Syariah

Pengurangan Subsidi BBM dalam Kajian Islam

Rab, 24 Agustus 2022 | 06:00 WIB

Pengurangan Subsidi BBM dalam Kajian Islam

Subsidi merupakan bantuan yang diberikan pemerintah pada sektor-sektor publik yang ditujukan terutama bagi masyarakat kecil yang terdampak.

Pemerintah lewat Kementrian Koordinator Bidang Kemaritiman dan Investasi menggulirkan wacana untuk menaikkan harga BBM. Rencana ini dipicu oleh tingginya harga minyak mentah dunia sehingga menciptakan rentang yang cukup signifikan antara harga ekonomis dengan harga jual.


Imbasnya, subsidi untuk BBM akan meningkat tajam, yang artinya APBN akan menanggung subsidi dan kompensasi energi yang cukup besar. Padahal, kebutuhan negara bukan hanya berpusat pada BBM saja. Ada sektor-sektor lain yang juga perlu untuk dibiayai semisal pendidikan, kesehatan, dan lain sebagainya.
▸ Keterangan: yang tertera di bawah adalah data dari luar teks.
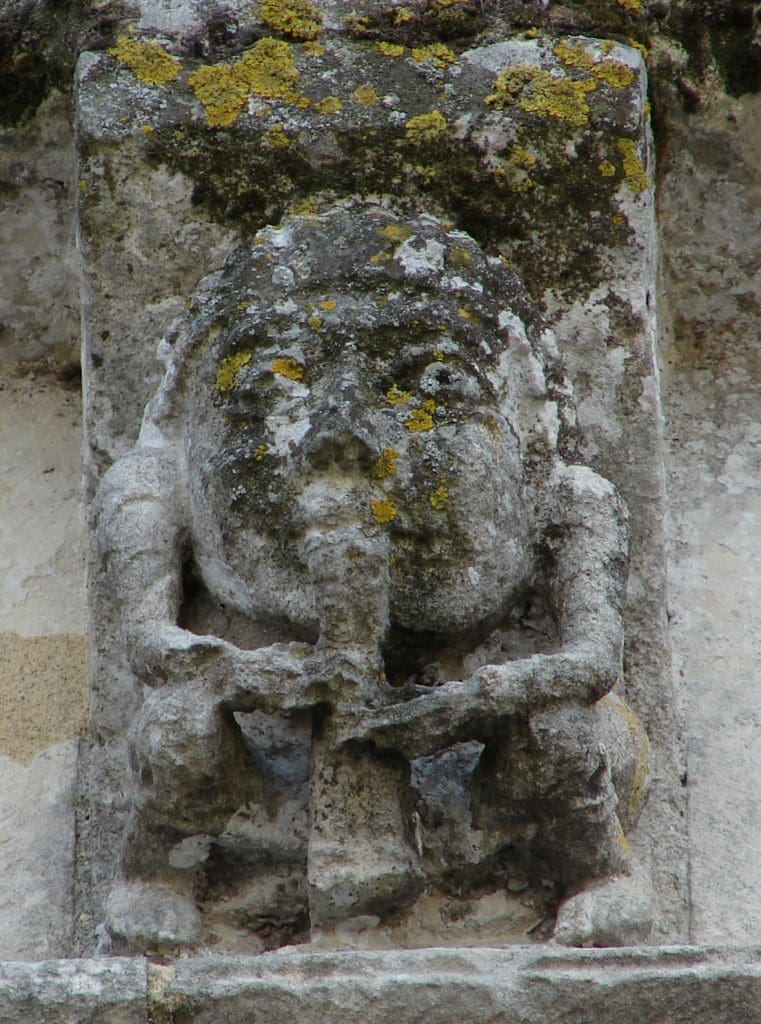 A crouching figure playing a flute that extends from between his legs.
Dalam hal ini, menarik untuk kita kaji secara hukum Islam, apakah tindakan pemerintah menaikkan harga BBM atau dengan kata lain menarik subsidi bisa dibenarkan secara syariat? Untuk menjawab persoalan ini, kita perlu memahami dua hal, yakni harga jual BBM di satu sisi dan subsidi di sisi yang lainnya.


Harga jual BBM sebagaimana harga jual barang-barang lainnya adalah hak mutlak penjual. Persoalannya ialah, untuk BBM, kita ketahui bersama bahwa itu adalah milik negara, sementara negara adalah milik rakyat.
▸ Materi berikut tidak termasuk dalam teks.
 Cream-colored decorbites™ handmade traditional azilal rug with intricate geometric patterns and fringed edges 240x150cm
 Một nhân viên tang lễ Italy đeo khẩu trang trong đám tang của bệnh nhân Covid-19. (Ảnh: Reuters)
Pemerintah sebagai pengelola negara dalam hal ini memiliki kewenangan penuh untuk mengatur harga jual BBM. Tentu saja dengan seizin DPR sebagai representasi dari rakyat. Dalam pengambilan keputusannya, pemerintah harus menepati prinsip dasar pemerintahan sebagaimana syariat Islam, yakni:


تصرف الإمام على رعيته منوطٌ بالمصلحة 


Artinya: “Kebijakan Imam terhadap rakyat yang dipimpinnya adalah mewujudkan kemaslahatan.”


Menaikkan atau menurunkan harga BBM sebagaimana kebijakan-kebijakan pemerintah lainnya harus senantiasa berpegang kepada prinsip tersebut.

 

Berikutnya, subsidi dalam Islam biasa dikenal dengan istilah I’thau al-daulah min amwaalihaa li al-raiyah atau pemberian harta milik negara kepada individu rakyat. Hal ini pernah terjadi di masa pemerintahan Khalifah Umar ibn al-Khattab yang membagikan harta dari Baitul Mal untuk para petani di Irak agar mereka memiliki kemampuan untuk mengolah lahan.


Kewenangan memberikan subsidi berada di tangan pemerintah. Tentunya dengan mempertimbangkan kemaslahatan rakyat sebagaimana prinsip pemerintahan yang telah disebutkan sebelumnya. Selain itu, pemerintah juga harus jeli menimbang sektor mana yang paling penting untuk diberi subsidi. Hal ini sebagaimana disebutkan dalam kitab al-Imamah al-‘uzhma, j. II, h. 357:


الواجب على الإمام عند صرف الأموال ان يبتدئ فى القسمة بلأهم فالأهم من مصالح المسلمين كعطاء من يخصل للمسلمين منهم منفعة عامة أو للمحتاجين إهـ


Artinya: “Wajib bagi Imam saat menasarufkan harta (Baitul Mal), memprioritaskan pembagian pada sektor yang paling penting dan seterusnya dalam bingkai kemaslahatan kaum muslimin seperti memberikan sesuatu yang bisa menghasilkan manfaat secara umum bagi mereka atau bagi yang membutuhkan:.


Penjelasan di atas menegaskan bahwa sebaiknya subsidi diberikan pada sektor yang bisa memberikan kemanfaatan paling banyak pada seluruh rakyat atau pada rakyat yang paling membutuhkan. Demikian, semoga bermanfaat. Wallahu a’lam bis shawab.